Trefwoorden
Samenvatting

Trefwoorden

1 Beroep wegens nalaten - Natuurlijke of rechtspersonen - Nalaten dat voor beroep vatbaar is - Nalaten van Commissie om standpunt te bepalen met betrekking tot klacht betreffende inbreuk op mededingingsregels en nalaten om althans aan indiener van klacht voorlopige mededeling uit hoofde van artikel 6 van verordening nr. 99/63 te doen toekomen

(EG-Verdrag, art. 175; verordening nr. 99/63 van de Commissie, art. 6)
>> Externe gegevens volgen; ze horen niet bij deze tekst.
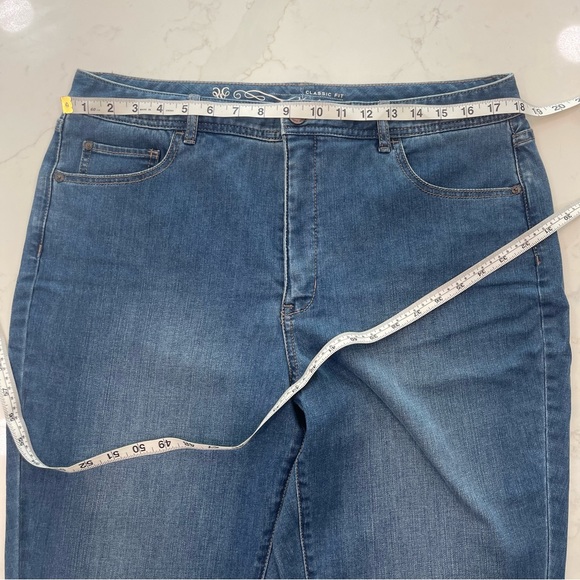 Coldwater Creek Classic Fit Bootcut Leg Denim Blue Jeans -Size 16 - Like New - Picture 8 of 13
2 Beroep wegens nalaten - Ingebrekestelling van instelling - Standpuntbepaling in zin van artikel 175, tweede alinea, van Verdrag - Begrip - Brief, uit hoofde van artikel 6 van verordening nr. 99/63 toegezonden aan indiener van klacht betreffende inbreuk op mededingingsregels - Verzending in loop van geding - Verdwijning van voorwerp van beroep - Afdoening zonder beslissing

(EG-Verdrag, art. 175, tweede alinea; verordening nr. 99/63 van de Commissie, art. 6)

3 Procedure - Inleidend verzoekschrift - Vormvereisten - Identificatie van voorwerp van geschil - Summiere uiteenzetting van aangevoerde middelen - Beroep tot vergoeding van door gemeenschapsinstelling veroorzaakte schade

('s Hofs Statuut-EG, art. 19; Reglement voor de procesvoering van het Gerecht, art. 44, lid 1, sub c)

Samenvatting

4 De indiener van een klacht krachtens artikel 3 van verordening nr. 17, waarbij een schending van de mededingingsregels van het Verdrag aan de kaak wordt gesteld, heeft, wanneer na de indiening van zijn klacht een redelijke termijn is verstreken, recht op een standpuntbepaling van de Commissie en, op zijn minst, op een voorlopige mededeling uit hoofde van artikel 6 van verordening nr. 99/63, zodat hij, indien hem, ondanks een aanmaning, zelfs geen dergelijke mededeling wordt toegezonden, ontvankelijk is tot het instellen van een beroep wegens nalaten.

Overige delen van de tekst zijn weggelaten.